Picking the Right Haystack Reader Model

At the core of a question answering pipeline sits an intricate building block — the “Reader.” Let's zoom in on the inner workings of Haystack readers.

This article is the third in our series on optimizing your Haystack question answering system. We’ll link to the other articles here as they go online:

At the core of your Haystack question answering pipeline sits an intricate piece of machinery that we call “Reader.” It’s here that the actual question answering takes place. Equipped with a powerful deep language model, the reader processes batches of preselected documents to find the best answers to your natural-language queries.

In this blog post, we’ll zoom in on the inner workings of Haystack readers and provide some tips on how to pick the reader-language model combination best suited to your use case.

What Does the Reader Do?

Within the Haystack question answering (QA) pipeline, the reader object is your interface to a Transformer-based language model. This can be a publicly available model, your own trainable model, or a combination of both — where you fine-tune an existing model on your own dataset.

Language models parse both query and answer candidates, and return the most likely answer spans. Because of their ingenious Transformer architecture and the large amounts of data they see during training, they have a good understanding of the syntax and semantics of natural language.
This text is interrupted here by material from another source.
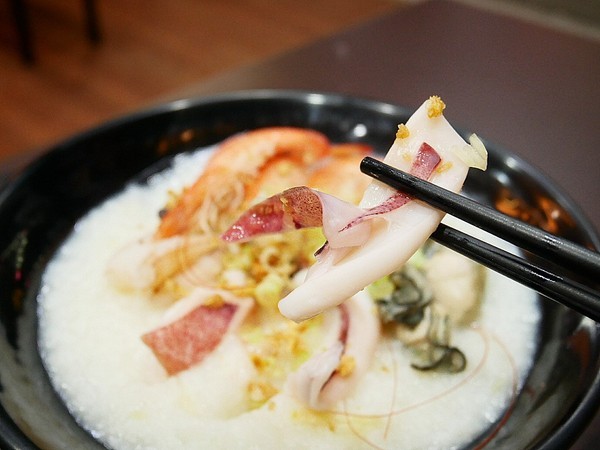 粥鮮(屏東鲍魚絲瓜粥):粥鮮(屏東鮑魚絲瓜粥)-台中西屯海鮮粥烏龍麵 超霸氣新鮮海產直接端上桌 冷冷冬天來一碗 親切價格就有豐盛晚餐暖飽肚子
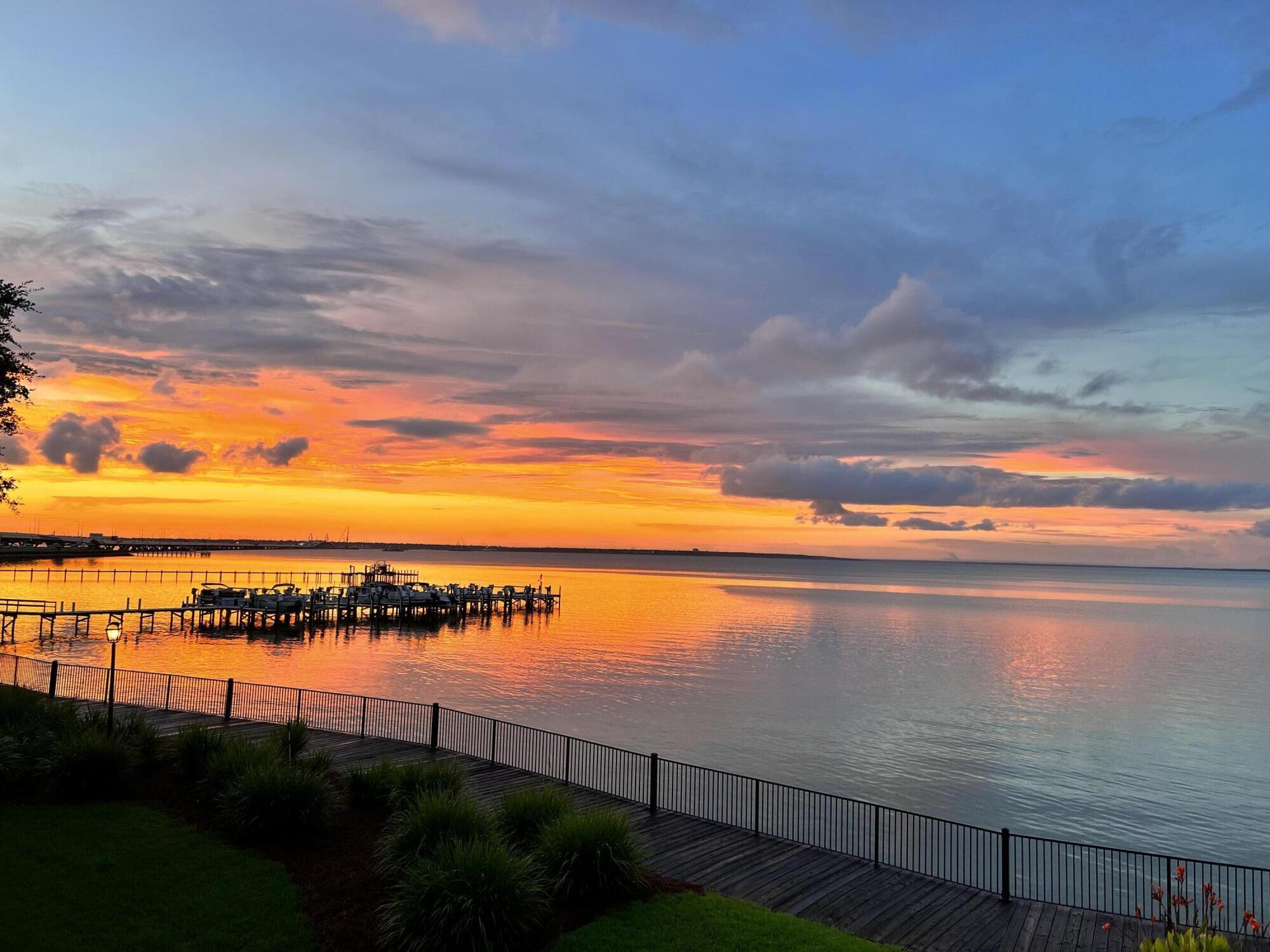 BAYBRIDGE CONDO - Residential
But they are also computationally expensive and much slower than the other components of the Haystack pipeline.

The reader also handles the details around making documents fit with the hardware. Thereby, we as the system users don’t have to worry about the internal representation of our queries — for all we know, we feed a natural language query to the model and it returns answer spans from our document collection, ranked by a matching score.

How to Use the Reader

Question: how easy is it to implement a QA pipeline in Haystack?

Answer: it’s a breeze!

Here are all the steps you need to follow to set up a fully functioning system:

  1. Set up a document store object and read in your documents.
  2. Choose a retriever and index your database with it.
  3. Choose a reader and a language model.
  4. Combine retriever and reader in a pipeline object.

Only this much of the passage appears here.